So many updates I will do them in stages 

Firstly, my lower back went today. I was sitting awkwardly which I wouldn't usually do but have felt there is no danger. Thinking back I later realized I had hack squatted the other day. I have a list of exercises I know cause me issues but I had totally forgotten I had done them. I was going low as well and it must have done something. When I don't rack pull, deadlist, squat etc my lower back is never great but it never goes ever. I stopped doing them all last time my back went but done 2 sets in a superset the other day so I am guessing it was that. It went and I couldn't move but lay down for 1 hour and it started feeling better. So nothing major this time. Regardless there was no way I was missing the gym today. I could have broken my foot and I still would have been in the gym tonight 

Big session and I feel great now. I wore a back support and it felt good. It helps keep my waist in as well so a bonus. I changed it up and used 5ml synthetine preworkout. Reason being synthelamin is the only synthetek product I don't ever use. I feel great on it but both times I have used it I have broken out (acne) on it which is rare so I know it's that. I researched it and it's not uncommon when using vitamin b12. Syntheselen also contains vit b12 and since I started using it I broke out a little. It could be the aas but as I am going away in 2 weeks I would rather just drop it incase it is the vit b12. I have been fine in the past on it but again would rather just drop it. I will carry it on after my holiday. So it's 5ml synthetine from now on which I love and it's my fav dose. In my experience the more the better with synthetine but common sense needs to be used so I come to the conclusion for big/fast results and the fact I can do it in 1 shot 5ml is a great dose for me.

Tonight I trained chest, tri-ceps, calves and quads.

Flat Smith Press... 1 working drop set with 2 drops. 4pps, 3pps and 1.5pps with dead stops. I only got 3 or 4 reps with 4pps which is less than normal but I put everything into them.
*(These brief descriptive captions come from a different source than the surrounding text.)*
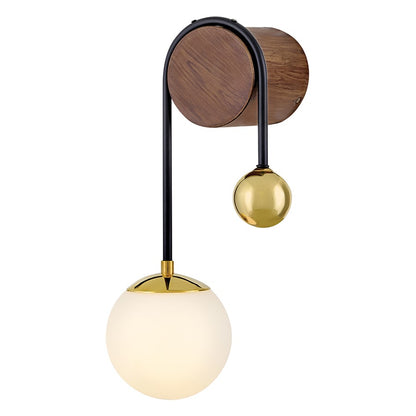 Lark Auggie 1 Light 10" Sconce, Bright Brass/Etched Opal - 83570BBR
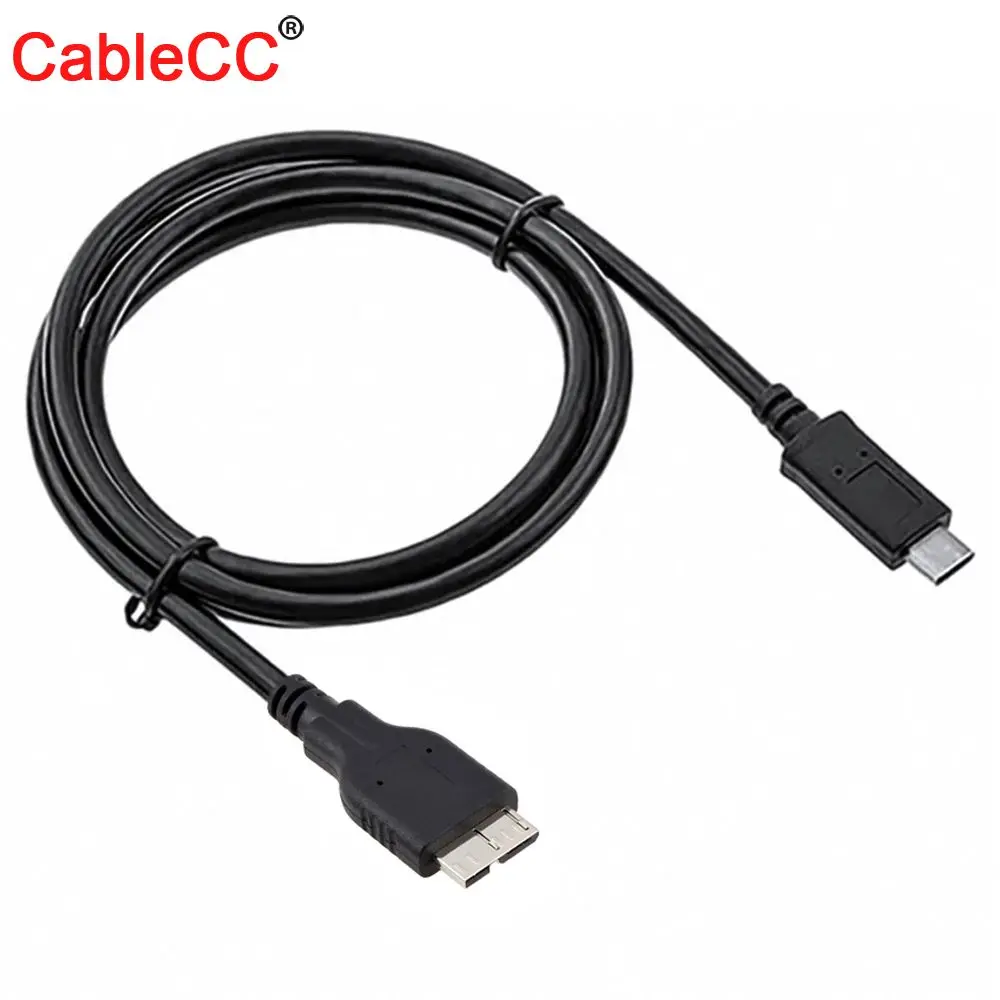 

Cablecc CY Black Color USB-C USB 3.1 Type C Male Connector to Micro USB 10pin Male Data Cable for Mac book & Laptop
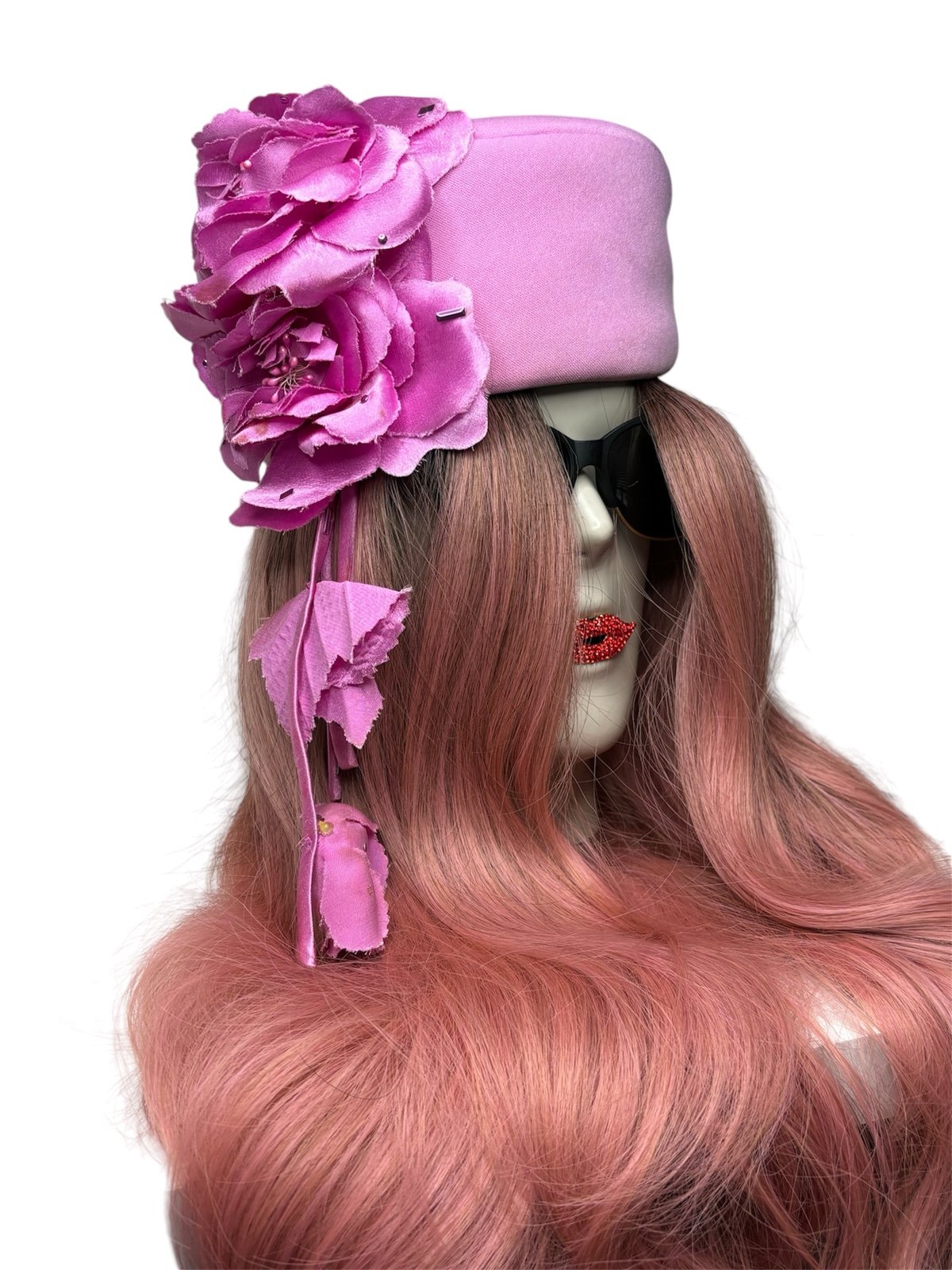 Pink Milano Paris New York Elegant 100% Structured Hat One Size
I wish I could have got a video as this was a brutal set.
Machine Fly... 2 working sets.
Machine Press... 1 working set.
Standing Cable Hammer Press... 1 working set.
Close Grip Bench Press supersetted with Tri-cep Cable Extensions... 2 working sets.
Unilateral DB Tri-cep Front Extensions... 1 working set (with assisted reps) for each arm.
Unilateral DB Tri-cep Side Extensions... 1 working set (with assisted reps) for each arm.
V Grip Tri-cep Extension... 1 working set with 50kg and then double the reps with 25kg.
Leg Press Calf Presses supersetted with Seated Calf Raises... 4 working sets with pauses at the top and bottom.
Leg Extensions... 5 sets of 50 reps going up in weight.
Stretches.

I surprised myself with the leg extensions. The machine had 2 plates on so I done a few sets of 10-15 reps with pauses to warm up. Then I done 50 reps. I moved up to 3 plates and done another 50 reps. It's written down to do 3 working sets so I figured 4 plates for 50 reps and that's it. However I figured let's just go on till I can't get 50 reps. I moved up to 6 plates and that killed me to get 50 reps. I was on the floor shaking after that. But it felt good and my quads were on fire after 5 sets over a short time.

Post workout I had chicken cooked in my own spice mix and some vegetables in a little light soy sauce...


----------



## Elvia1023 (Jun 16, 2019)

An update about my fathersons order. They have many famous fitness guys modelling their clothes. I have issues buying tops to fit me and pants are impossible so I figured they would be a good bet. On their site they basically have tops in a super tight fit and others in a regular fit. Some of the models are in great shape and they have people like Mike O'Hearn, Jeremy Buendia and Andrei Deiu on their website.

Andrei Deiu looks quite big (very lean) and is tall like me but it states he wears a large in t-shirts and xlarge in the slim fitting stuff which seems small. So I wasn't sure what to order as I haven't fit into an XL since I was a teenager. I figured they must be quite large sizes plus I have purposely dropped about 20 pounds and I want things to be fairly tight. I decided XXL for the regular fitting tops and for the slim fitting stuff XXXL. I have just tried them all on again and everything is very tight and I will be resending 80% of the order back and getting a size up. So XXXXL for the tight stuff and it will still be tight. XXXL for the regular fitting stuff which I want to be tight. So even though they are on fitness websites all over their sizes are not big at all.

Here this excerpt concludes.